Start of Block

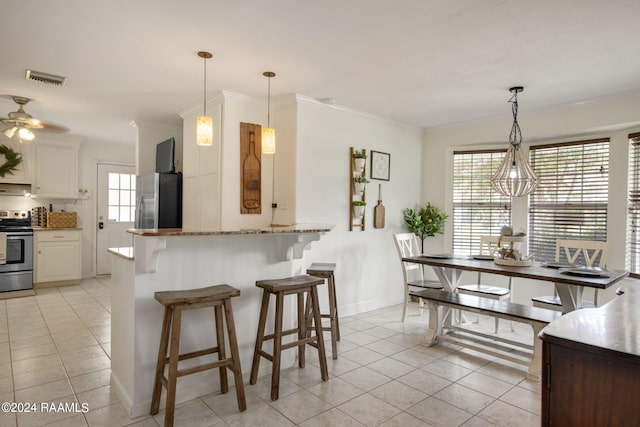 kitchen with light tile patterned floors, stainless steel refrigerator, ceiling fan, white cabinets, and stove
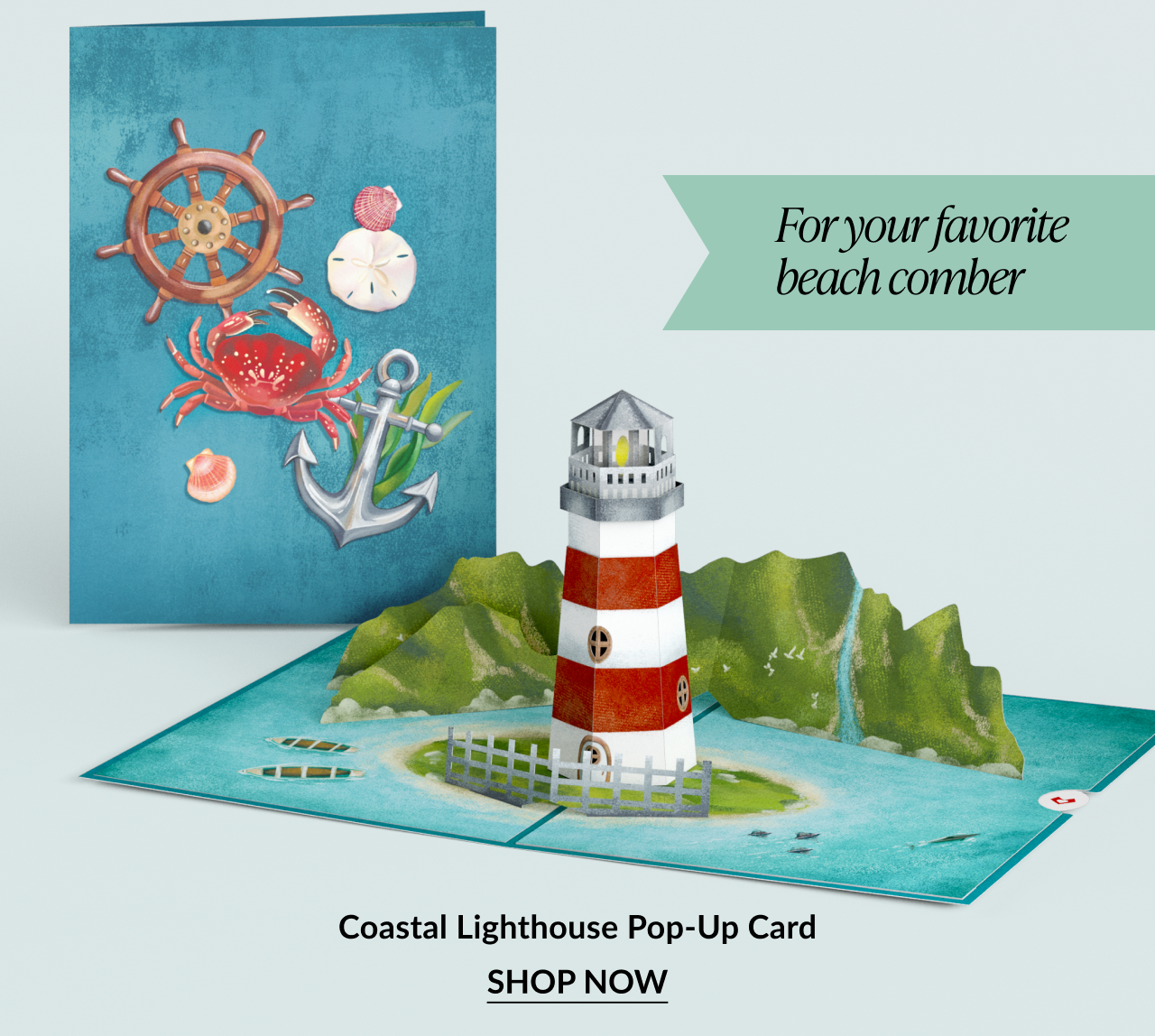 Pop-up card of a red and white lighthouse on a rocky island.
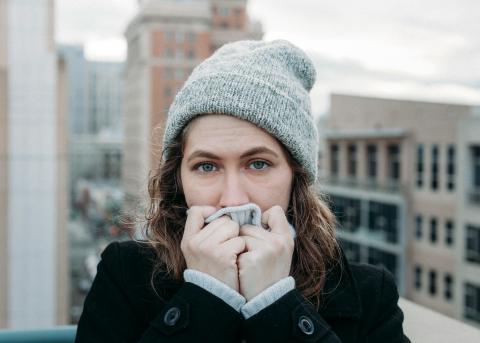 woman in a hat trying to warm up her hands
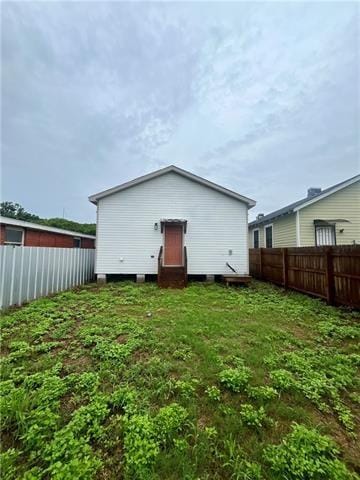 rear view of house with a yard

End of Block

WHAT TO PRODUCE:
Without any of its images, the data above should be returned exactly.

THE ANSWER:
 kitchen with light tile patterned floors, stainless steel refrigerator, ceiling fan, white cabinets, and stove
 Pop-up card of a red and white lighthouse on a rocky island.
 woman in a hat trying to warm up her hands
 rear view of house with a yard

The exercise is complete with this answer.